There were two prior attempts to build a station on ultra high frequency (UHF) channel 34 in Los Angeles prior to KMEX-TV, in proceedings in 1954 and 1958. By 1953, the Federal Communications Commission (FCC) had received three applications for the channel, from Lawrence Harvey; Spanish International Television; and radio station KFWB (980 AM). The bid of Spanish International Television presaged that of Spanish International Broadcasting Company six years later; Emilio Azcárraga Vidaurreta was a 20 percent owner of the firm.

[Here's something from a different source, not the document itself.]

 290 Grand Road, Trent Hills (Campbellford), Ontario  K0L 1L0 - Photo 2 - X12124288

Harvey and Spanish International Television lost interest, and their applications were dismissed in 1954, leaving the door open for KFWB. That October, however, the radio station dropped its bid; no reason was given.

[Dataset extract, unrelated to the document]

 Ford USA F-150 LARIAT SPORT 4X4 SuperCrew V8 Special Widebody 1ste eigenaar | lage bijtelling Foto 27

Interest around the UHF allocation was revived in 1957, and in 1958, the FCC selected the application of Sherrill C. Corwin, movie theater operator from San Francisco, over a bid from Frederick Bassett and William E. Sullivan. After the FCC ordered several unbuilt UHF stations to make progress or lose their permits, Corwin proposed to sell the construction permit for what was called KMYR to Franklin James, who owned part of several regional radio stations. However, this never was completed, and the FCC deleted the KMYR permit in November 1960 (along with another Corwin held for a San Diego outlet), leaving the door open for new applications for channel 34.

===The early years===
On August 18, 1961, the Spanish International Broadcasting Company (SIBC) filed an application to build a new channel 34 TV station in Los Angeles. SIBC's principals reflected strong Mexican connections: Azcárraga was a 20-percent stakeholder, with the balance being held by a number of stockholders including movie theater owner Frank Fouce, the largest shareholder, and Julian Kaufman, the general manager of Tijuana's binational TV station, XETV. The FCC granted the permit on November 1, 1961, marking the first time the commission had approved an application specifying an all-foreign language TV station. From Mexico City came Rene Anselmo to manage channel 34; so too would come much of the programming, from Telesistema Mexicano.

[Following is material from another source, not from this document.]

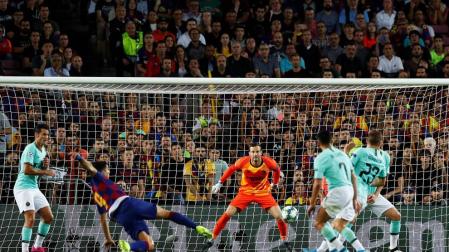 El olfato goleador de Suárez salva al Barça en la Champions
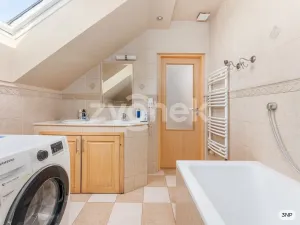 Prodej rodinného domu, Zlín, Lešenská, 284 m2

It was also the first regular commercial UHF television station in Los Angeles. Two stations had previously operated on the band: KTHE (channel 28), a short-lived educational station at the University of Southern California, and KBIC-TV (channel 22), whose only telecasts to that point had been of an experimental nature. To get the Spanish-speaking community to be able to tune in, the upstart channel 34 embarked on a $100,000 public awareness campaign for UHF converters, and manufacturers stocked stores in East Los Angeles with tuning strips. While channel 34 had been set for a September 15 launch, interest in converters was so great that the station opted to broadcast the test pattern until September 30 to aid dealers installing equipment.

The first day of KMEX-TV programming included an inaugural program; filmed coverage of the recent visit of President John F. Kennedy to Mexico City; sporting coverage, including bullfighting; and news. Some 30,000 converters were estimated to be in place at launch. By February 1963, there were 106,000 appropriately equipped households who could tune in the UHF station, and that number had swelled to almost 200,000 by the end of channel 34's first year in service. However, KMEX lost $500,000 in its first year and did not turn a profit until three years after starting up. Joseph S. Rank, an account executive with sales representative Blair Television, became general manager in November 1964 and was promoted to station vice president in 1966, also being a five-percent stockholder in the Spanish International Broadcasting Corporation.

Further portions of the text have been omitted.